#### PROBLEM DETAILS:
Find the line with "Власти не планируют" in the data below. Repeat it and every line after it up to the end, exactly, but drop the pictures.

#### PROVIDED DATA:
+-------+

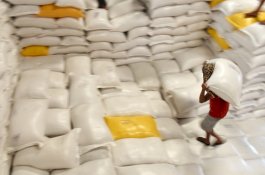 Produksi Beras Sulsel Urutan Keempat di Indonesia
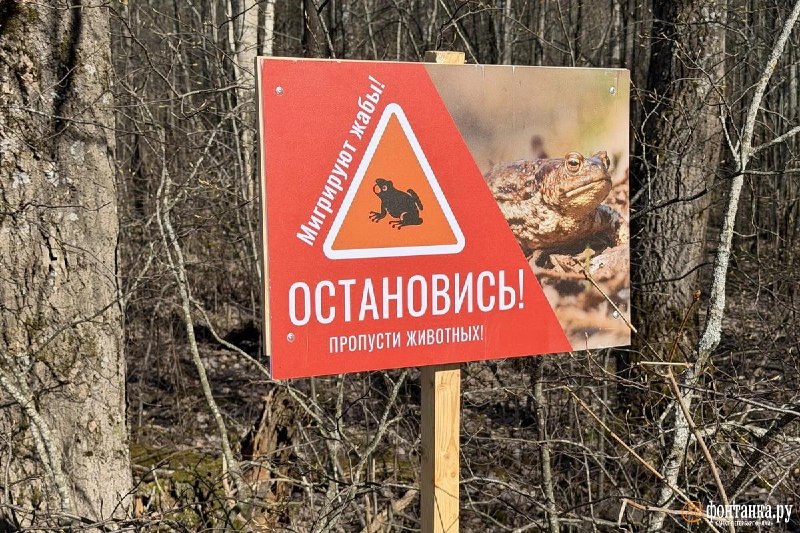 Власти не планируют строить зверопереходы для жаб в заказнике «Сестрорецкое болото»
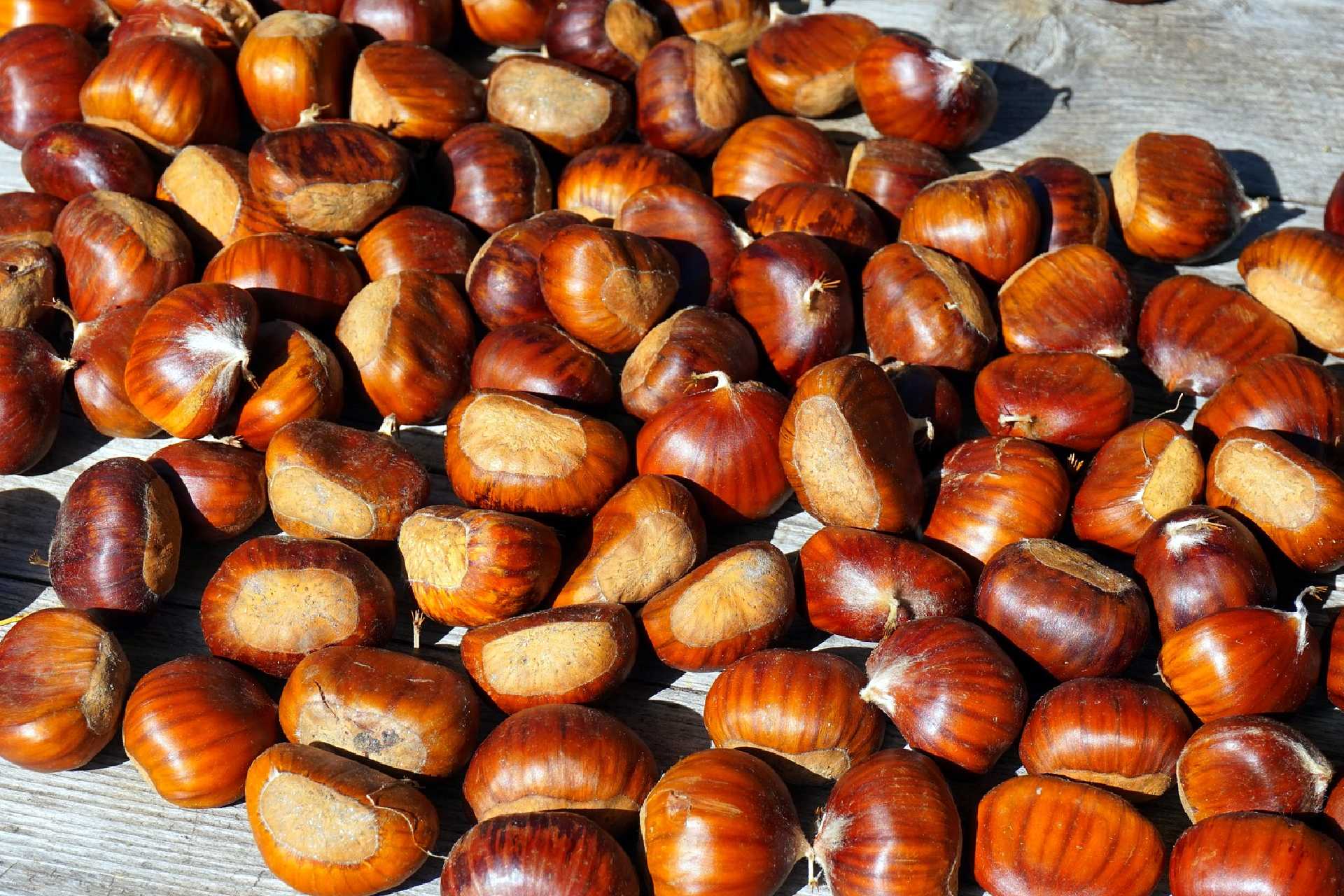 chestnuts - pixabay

+-------+

#### SOLUTION FOR THIS PROBLEM:
 Власти не планируют строить зверопереходы для жаб в заказнике «Сестрорецкое болото»
 chestnuts - pixabay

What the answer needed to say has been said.